Posted on 25 August 2011 by admin

steve_jobs_1985.jpgThose of us who lived and worked in the glorious, adventurous era of computing that was the late 1970s and early ’80s have a different perspective. I was a consultant and developer before I became a journalist in 1984. My colleagues from that time and I frame the iPhone and iPad in the broader context of a bigger history. The iPhone, I’ve seen and heard over the past several hours, has changed people’s lives.

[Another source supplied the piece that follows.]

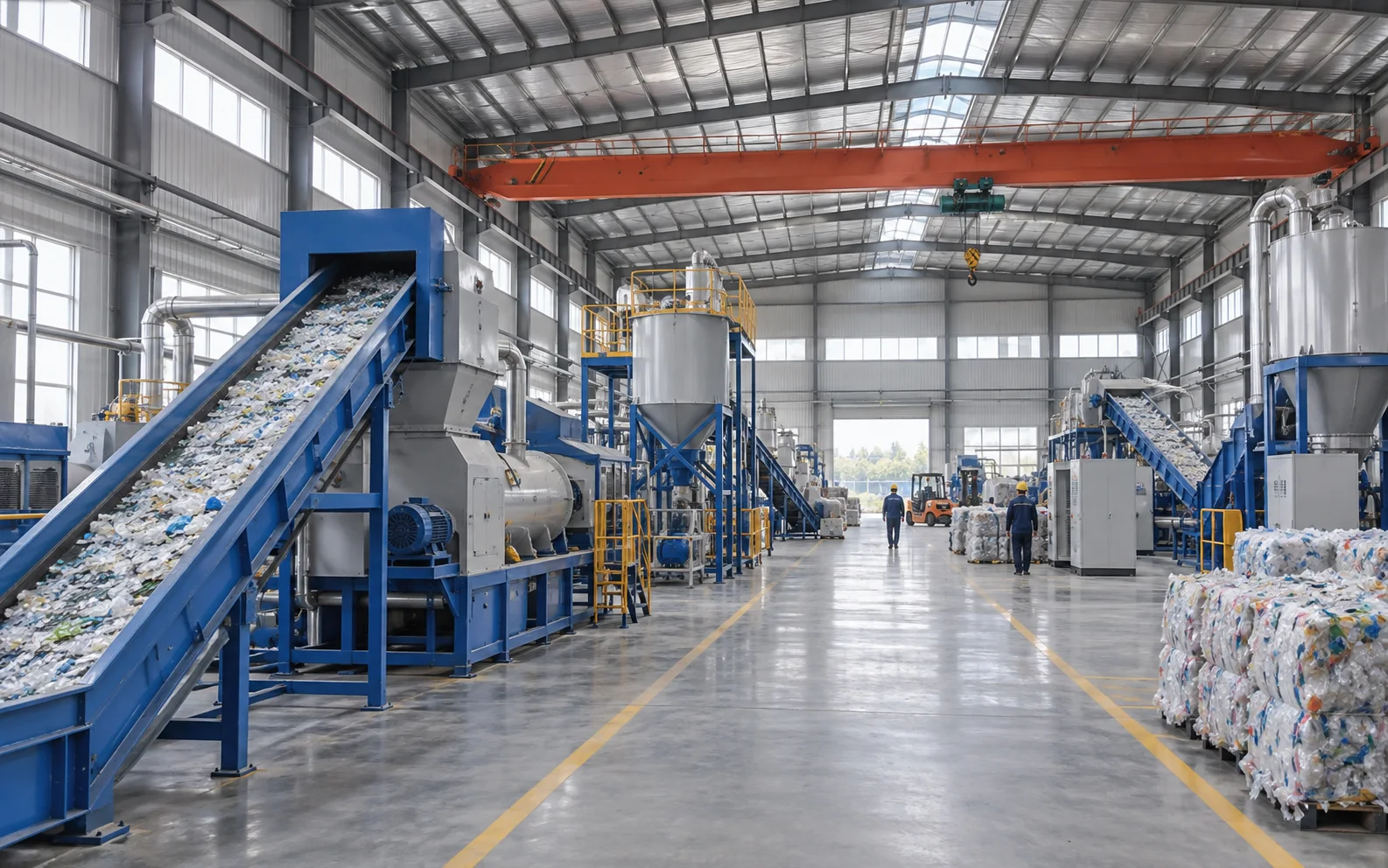 AI-generated concept illustration of a plastic recycling machinery workshop; not a photograph of Rayli's facility.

Maybe. But what has truly made Apple successful, as a longer-range view of history will reveal, is a set of best practices, not any single gadget or an audio-cassette-ready philosophy on life. Steve Jobs learned these practices and principles through trial-and-error, though he became their most brilliant practitioner. And the fact that he and his company executed on those principles and capitalized upon them, and no other American company in any industry in the past quarter-century has done the same, is the greatest takeaway from the recent history of American business.

Original Apple logo.jpg

What Steve Jobs has exemplified throughout his career has not been excellence, genius, brilliance, determination, or any of the character traits that are being applied to him today graciously, as if we were writing his obituary. Jobs is not gone, and if he has anything to say about it, he won’t be for a long time. What he has exemplified are business lessons put in practice to maximum effect.

1. Make it all one platform. In 1985, Apple’s board of directors ousted Steve Jobs as CEO of Apple. I covered that story. It was easy, because Apple at that time was screaming for attention. I was a reporter for a PC-oriented tabloid that computer stores in 20 states carried on their checkout counters, and Apple called me because it needed the attention.

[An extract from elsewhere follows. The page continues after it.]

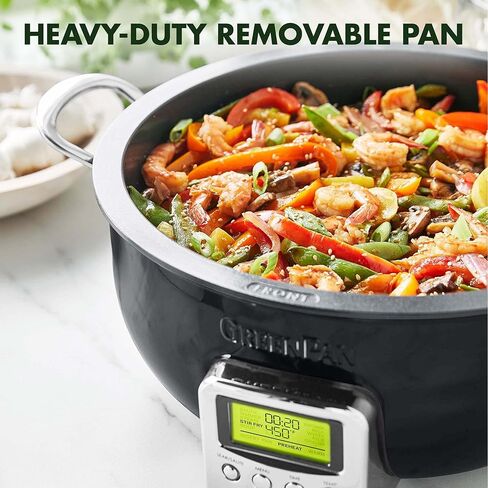 وعاء مقلاة GreenPan Elite Essential Smart Electric 6QT، إعدادات مسبقة للقلي السريع وطهي الأرز، قطع سيراميك صحية غير لاصقة وآمنة للاستخدام في غسالة الأطباق، شاشة LED سهلة الاستخدام، أزرق أكسفورد in Kuwait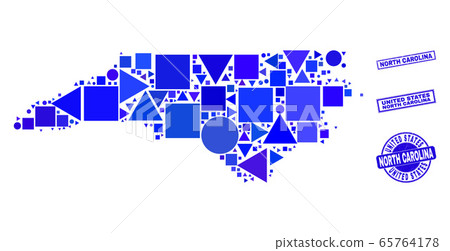 Blue Geometric Mosaic North Carolina State Map and Stamps 65764178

The story, Apple’s people told me (“all on background, don’t print it or quote us, please, but when you do your analysis, here’s the conclusions you should draw”), was that it was long past time for Apple to broaden and diversify its product line, and become a real company. Jobs was tying everyone’s hands, restricting Apple to making just one thing, I was told, with a relentless focus on Macintosh, Macintosh, Macintosh. And he didn’t see the difference between a hardware company and a software company; you’re either one or the other, and it was time for Apple to claim its role as a hardware company, and let developers who know better make the software. Developers, they said, don’t need a leader standing on a soap box. They just need a box, and in the end, Macintosh is a box.

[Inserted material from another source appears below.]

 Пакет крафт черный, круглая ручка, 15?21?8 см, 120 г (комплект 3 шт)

All of this, every word, was crap. The reasons why are now plainly obvious. With respect to product, there is no difference between hardware and software at all, just as there’s no difference between the cloud and the desktop – not at this level. ITunes is iPod is iPhone is iCloud. In terms of public perception, of belonging to a platform and having it belong to you, it’s all one thing. And anyone who thinks the Mac will remain an orphan child hasn’t learned the lessons of Steve Jobs.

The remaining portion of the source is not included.